____ TASK INPUTS
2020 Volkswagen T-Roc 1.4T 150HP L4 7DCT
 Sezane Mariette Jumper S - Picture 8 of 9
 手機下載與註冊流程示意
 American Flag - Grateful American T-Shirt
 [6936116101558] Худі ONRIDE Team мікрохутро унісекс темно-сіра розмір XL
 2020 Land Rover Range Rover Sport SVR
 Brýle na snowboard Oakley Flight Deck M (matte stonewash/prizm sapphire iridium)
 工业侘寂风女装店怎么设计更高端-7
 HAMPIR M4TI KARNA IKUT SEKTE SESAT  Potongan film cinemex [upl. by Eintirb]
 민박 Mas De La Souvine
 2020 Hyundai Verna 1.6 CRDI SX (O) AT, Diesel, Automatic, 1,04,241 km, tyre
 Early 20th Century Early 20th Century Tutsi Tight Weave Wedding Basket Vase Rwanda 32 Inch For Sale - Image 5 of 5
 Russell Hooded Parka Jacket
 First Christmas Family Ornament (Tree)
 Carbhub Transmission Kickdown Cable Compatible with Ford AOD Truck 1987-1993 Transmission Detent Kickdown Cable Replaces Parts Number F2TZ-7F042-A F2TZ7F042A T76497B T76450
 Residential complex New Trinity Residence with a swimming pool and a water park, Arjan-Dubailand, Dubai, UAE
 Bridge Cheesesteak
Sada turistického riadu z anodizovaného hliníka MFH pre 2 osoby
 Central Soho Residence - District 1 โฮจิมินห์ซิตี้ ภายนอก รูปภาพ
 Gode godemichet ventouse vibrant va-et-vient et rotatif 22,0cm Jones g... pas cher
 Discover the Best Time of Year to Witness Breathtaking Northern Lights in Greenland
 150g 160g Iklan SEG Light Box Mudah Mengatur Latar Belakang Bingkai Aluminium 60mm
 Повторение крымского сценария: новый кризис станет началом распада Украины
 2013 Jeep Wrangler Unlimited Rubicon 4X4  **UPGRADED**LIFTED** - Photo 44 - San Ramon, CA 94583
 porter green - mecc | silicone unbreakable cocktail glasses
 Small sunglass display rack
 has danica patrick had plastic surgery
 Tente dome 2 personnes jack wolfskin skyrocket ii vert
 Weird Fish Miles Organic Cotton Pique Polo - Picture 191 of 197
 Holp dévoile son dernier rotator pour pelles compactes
________
→ **INSTRUCTIONS TO FOLLOW**: Please copy the data above in its entirety, exactly as written.

→ **SOLUTION TO THIS EXERCISE**:
2020 Volkswagen T-Roc 1.4T 150HP L4 7DCT
 Sezane Mariette Jumper S - Picture 8 of 9
 手機下載與註冊流程示意
 American Flag - Grateful American T-Shirt
 [6936116101558] Худі ONRIDE Team мікрохутро унісекс темно-сіра розмір XL
 2020 Land Rover Range Rover Sport SVR
 Brýle na snowboard Oakley Flight Deck M (matte stonewash/prizm sapphire iridium)
 工业侘寂风女装店怎么设计更高端-7
 HAMPIR M4TI KARNA IKUT SEKTE SESAT  Potongan film cinemex [upl. by Eintirb]
 민박 Mas De La Souvine
 2020 Hyundai Verna 1.6 CRDI SX (O) AT, Diesel, Automatic, 1,04,241 km, tyre
 Early 20th Century Early 20th Century Tutsi Tight Weave Wedding Basket Vase Rwanda 32 Inch For Sale - Image 5 of 5
 Russell Hooded Parka Jacket
 First Christmas Family Ornament (Tree)
 Carbhub Transmission Kickdown Cable Compatible with Ford AOD Truck 1987-1993 Transmission Detent Kickdown Cable Replaces Parts Number F2TZ-7F042-A F2TZ7F042A T76497B T76450
 Residential complex New Trinity Residence with a swimming pool and a water park, Arjan-Dubailand, Dubai, UAE
 Bridge Cheesesteak
Sada turistického riadu z anodizovaného hliníka MFH pre 2 osoby
 Central Soho Residence - District 1 โฮจิมินห์ซิตี้ ภายนอก รูปภาพ
 Gode godemichet ventouse vibrant va-et-vient et rotatif 22,0cm Jones g... pas cher
 Discover the Best Time of Year to Witness Breathtaking Northern Lights in Greenland
 150g 160g Iklan SEG Light Box Mudah Mengatur Latar Belakang Bingkai Aluminium 60mm
 Повторение крымского сценария: новый кризис станет началом распада Украины
 2013 Jeep Wrangler Unlimited Rubicon 4X4  **UPGRADED**LIFTED** - Photo 44 - San Ramon, CA 94583
 porter green - mecc | silicone unbreakable cocktail glasses
 Small sunglass display rack
 has danica patrick had plastic surgery
 Tente dome 2 personnes jack wolfskin skyrocket ii vert
 Weird Fish Miles Organic Cotton Pique Polo - Picture 191 of 197
 Holp dévoile son dernier rotator pour pelles compactes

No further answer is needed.